* _TASK INSTRUCTIONS_
Copy out the data below as written; omit any images.

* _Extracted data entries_
* * *

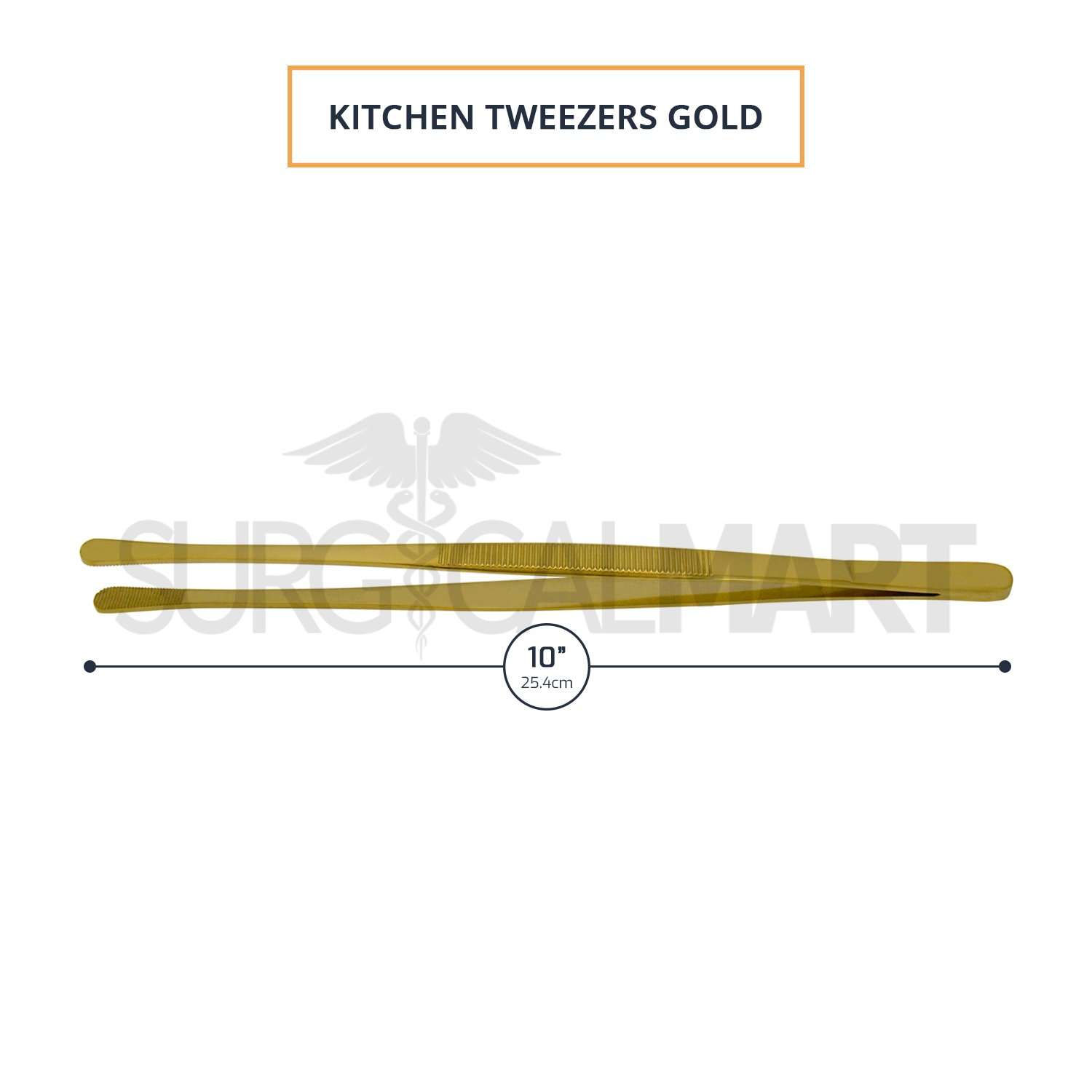 kitchen-cooking-tongs-round-tip-gold-10inch-size-surgicalmart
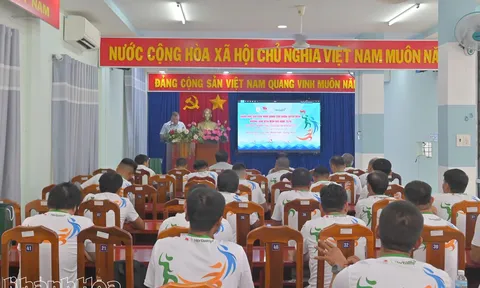 Khánh Hòa tổ chức khóa học bơi cứu đuối cho 50 học viên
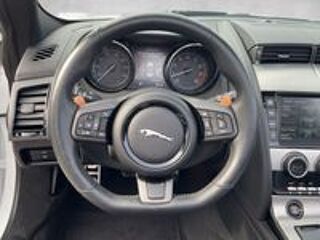 F-Type Cabriolet V6 3L Essence Suraliment&eacute; 340 ch BVA8 2015 occasion 69007 Lyon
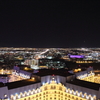 LasVegasの夜景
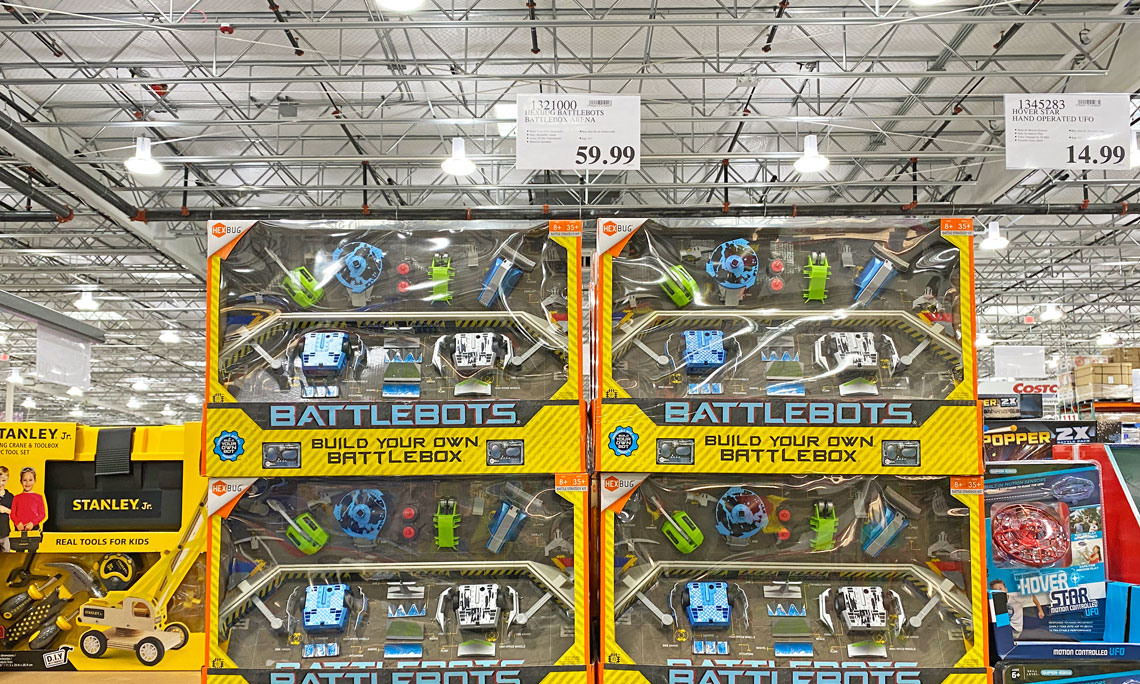 costco hexbug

* * *

* _RESULT OF THE EXERCISE_
 kitchen-cooking-tongs-round-tip-gold-10inch-size-surgicalmart
 Khánh Hòa tổ chức khóa học bơi cứu đuối cho 50 học viên
 F-Type Cabriolet V6 3L Essence Suraliment&eacute; 340 ch BVA8 2015 occasion 69007 Lyon
 LasVegasの夜景
 costco hexbug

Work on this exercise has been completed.